To me, this game was a heavyweight boxing match and Ohio State was fighting with a broken right hand. They were missing their knockout power, but their chin was solid. Kansas tried to finish them time and again, but the Buckeyes never dropped to the canvas.
They battled the entire time. When things started to look really bad, they would put five quick points on the board and show some offense. But it wasn't enough to stun the Jayhawks, who always had an answer.
Kansas controlled the fight throughout, but the Buckeyes kept coming back, hoping for a flurry at the end to sneak out with a win. It just wasn't to be, however. They missed their haymaker too much.
First Thought - Ohio State is littered with very good players, but when Jared Sullinger is on the court, most everybody is a complementary piece to a much larger puzzle. That's not a knock on them, it just means that they are beneficiaries of Sullinger's gravitational pull on opposing defenses.

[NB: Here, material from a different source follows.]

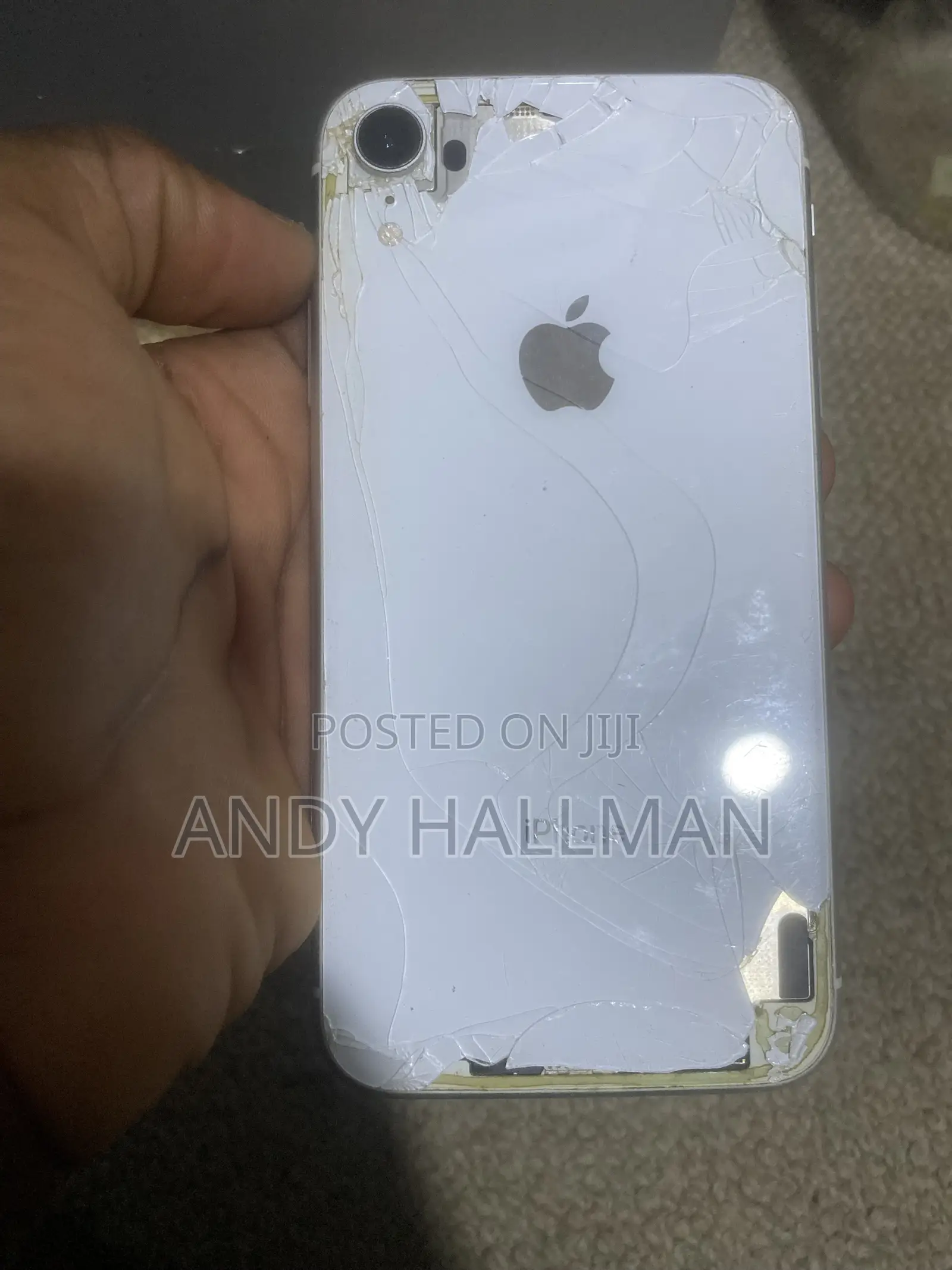 Apple iPhone XR 64 GB White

Without that gravitational pull, however, each of them finds themselves floating around out in space, and it can sometimes take a while for them to get re-oriented.
For a guy like Deshaun Thomas who will look for offense no matter his orientation, it's not such a huge deal. For a guy like William Buford, however, it's completely different.
Buford has made himself a first-round NBA draft pick because of his jumper. When there's no collapsing defense down low to allow open looks, Buford then has to find shots on his own. He wasn't able to do this until the game was no longer in doubt.
His inability to adjust quicker made things tougher for everybody in the Scarlet and Gray. It even made Aaron Craft force some things on offense that were probably ill-advised.
They were a team looking for an identity, and Buford was looking right along with everyone else. Next time this happens, they'll have a better idea of where to look
Reliant Thought - Maybe after Saturday, I can finally move beyond not knowing what to expect from Deshaun Thomas in big games. He scored 18 against Duke and 19 against Kansas, and in both games, the opponents had very little answer for him.
I will always expect him to miss his first three-pointer long, but it's no longer fair for me to expect him to disappear for long stretches when his offense is lacking, because that's just not who he is anymore. That's not to say it won't happen again, but just that I shouldn't expect it to happen.
Thomas is putting the ball on the floor each game, he's passing up good looks for better ones, and he improves each time out on defense. That's not a player that I should worry about. That's a player that I should start expecting performance from. From now on, I will.
Fresh Thought - I love the fact that Amir Williams played meaningful minutes in a game like this, and he wasn't out of place doing it.
Williams got fifteen good minutes and pulled down three offensive rebounds. He also threw down a nasty dunk with absolutely zero hesitation.
There is a place in this rotation for Williams, especially as Deshaun Thomas continues to improve his game and become more of an actual small forward.
He's still raw, but that's not rare for 6'9" freshmen. The Big Ten is going to be a tremendous grind this season, and there will be times where Williams can come in and actually contribute.
He can't just occupy minutes, however, he has to make something happen with them.
Saturday's game helped him in this regard for the future. I would like this to mean more minutes down the road for him this season, but it won't.
Losing Thought - Before the game, I tweeted that this was a no-lose situation for the Buckeyes because a loss without Sullinger would be forgiven, and a win would be lauded as some form of miracle.
A win would have been nice for Ohio State, but they impressed nearly as many people just for the way they stayed in it. But give credit to Kansas as well. They kept the Buckeyes at arm's length and any time the game got to within three points, the Jayhawks would respond with three or four points of their own.
While this game wasn't indicative of the real Ohio State Buckeyes, it was indicative of the heart that every one of them possesses.
Defensive Thought - While it was a blow to the Buckeyes having Jared Sullinger out of the lineup, I don't know how that explains Kansas shooting 65.2% from the field in the first half.
It's not like Sullinger would have been at the top of the key keeping Tyshawn Taylor from driving and dishing for one of his thirteen assists, and he wasn't the one who would have been rotating over to keep Elijah Johnson from going 5-7 from behind the three-point line. (It was doubly-worse that most of Johnson's threes seem to be of the dagger variety.)
It's okay to be a bit worried if a teammate the caliber of Sullinger is not going to be playing, but it should never affect your ability to close out on a shot, or keep the ball in front of you.
So while we're all chalking this loss up to the fact that Sullinger was in church clothes, let's not forget that Kansas scored when they wanted to, and most especially when they needed to. That is why they won.
Final Thought - During practices, every team around the nation has "situations" that they are put in to simulate what might happen down the road. Saturday was a two-hour situational practice for the Buckeyes, and they better make it count in the months to come.